Alhambra, a grand, sprawling hilltop fortress complex encompasses royal palaces, serene patios and reflecting pools from the Nasrid dynasty. The fountains and orchards of the Generalife gardens attracts visitors who revel in its glory. The cathedral housed in the center of the city is profusely ornamented with jasper and colored marble. Its interior contains a number of fine paintings and sculptures by Alonso Cano. The administrative and commercial section of Granada is towards the South of the city while the west has the modern residential sector.
The history of Granada dates back to almost 2500 years with its origination as an Ibero-Celtic settlement.
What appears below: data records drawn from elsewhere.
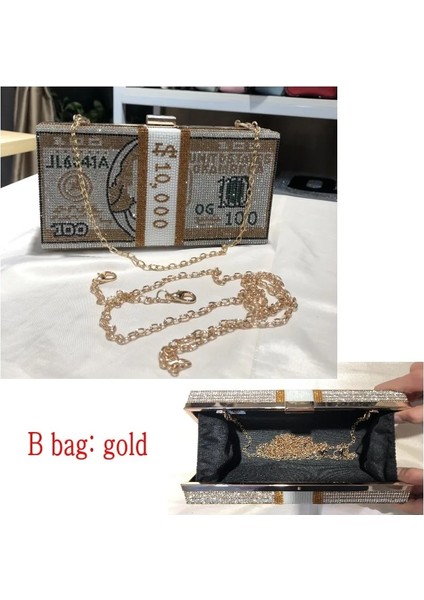 B Çantası Altın Tarzı Yeni Kristal Para Usd Çantaları Dolar Tasarımı Lüks Elmas Akşam Çantaları Parti Çanta El Çantaları Düğün Yemeği Çantaları ve El Çantaları (Yurt Dışından)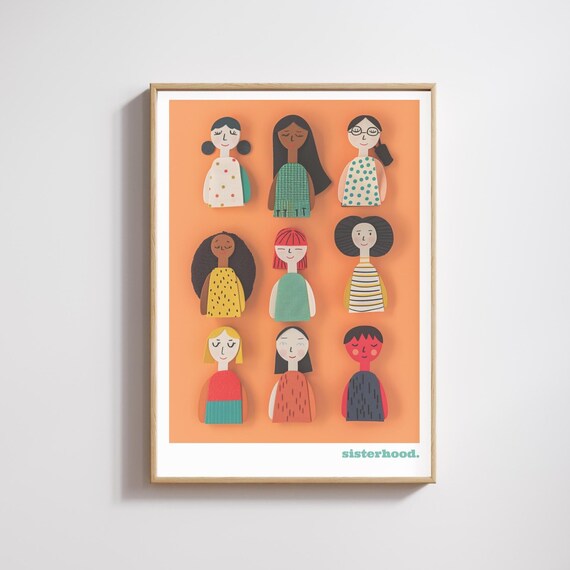 Sisterhood Women Folk Illustration Female Friendship Art Print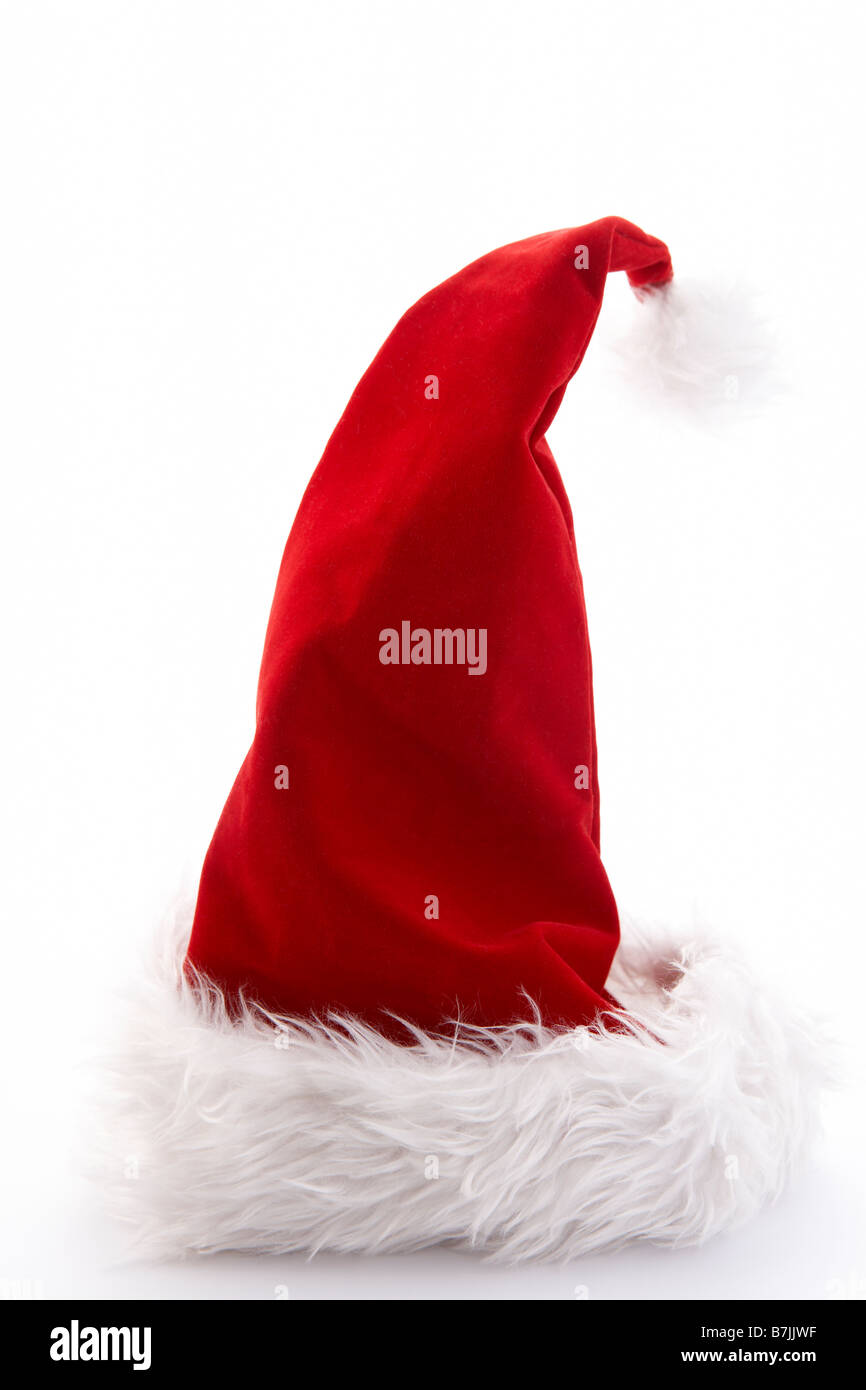 Santa Hat Against White Background Stock Photo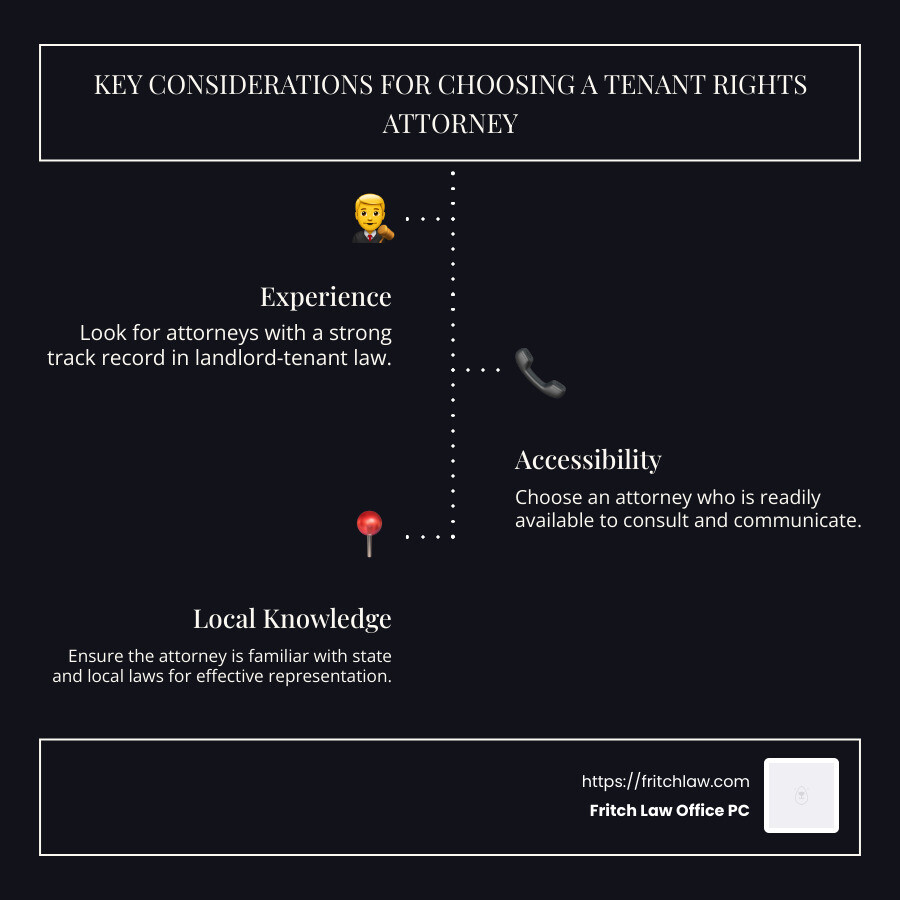 Key considerations when choosing a tenant rights attorney - tenant rights attorney near me infographic infographic-line-3-steps-dark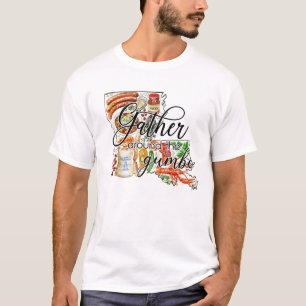 ギャザのまわりにーザガンボケージャンルイジアナTシャツ Tシャツ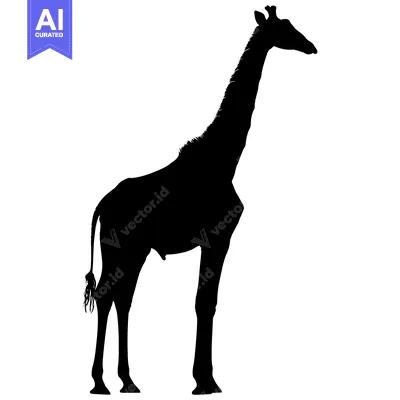 Popular premium asset: Black Silhouette of a Giraffe Standing on White Background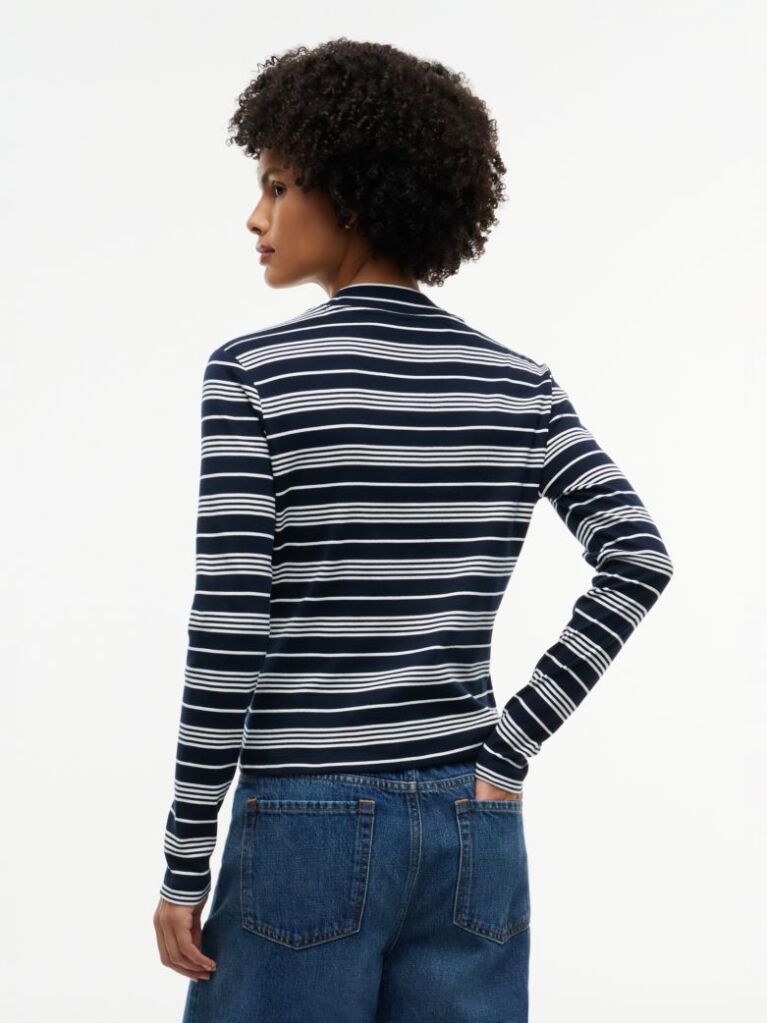 Multi Mock Neck Slim Long Sleeve Top  Women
Later Greeks established their colonies in the area. The Ancient Romans constructed aqueducts, roads and other infrastructure during their rule and developed Granada as an economic center of Roman Hispania. Although it was ruled by the Visigoths after the fall of the Roman Empire and reconquered by the Byzantine Empire, it continued to be a strategic military and economic hub of the region.
The Moorish conquest of 711 brought Islamic rule and led to a major expansion of the city. The Moorish rule was brought to an end in 1492 when King Ferdinand II of Aragon and Queen Isabella I of Castile forced King Boabdil of Granada to surrender during a siege of the walled town. Following the reports of Christopher Columbus, a lot of land of America was conquered and great wealth was brought to the Spanish Empire. The Christians forced the existing Jewish and Muslim residents of Granada to convert and made significant changes which included the replacement of the primary mosque to a massive Cathedral and the construction of a large Christian palace in the heart of the Alhambra.
Much of the architectural heritage of Granada was destroyed and many economic slumps were seen until Granada was included in the national rail network in the last half of the 19th century and Granada started getting recognition as a center of tourist interest. Its economy was hit once again during the Spanish Civil War of the 1930s and saw development and modernization only in the late 20th century when new business and visitors came to the city.
Granada enjoys a mild climate where summers are hot but bearable due to lack of humidity and winters are short but cold with slight precipitation. While travelling between November to April it is necessary to carry some warm clothes as it is quite cold during these months. During the fall and early winter months there are spells of rain that last several days whereas there is sunshine for rest of the year. In order to enjoy the snowy landscapes of Granada, make a trip to the snow capped peaks of the Sierra Nevada mountains during the winter months.
Andaluz, the Andalusian version of Spanish is the language spoken by the natives of Granada and is quite difficult to understand due to the Arabic influence and the way they speak. English is hardly spoken except by some young university students who may know enough to have a basic conversation, employees at some hotels and Alhambra.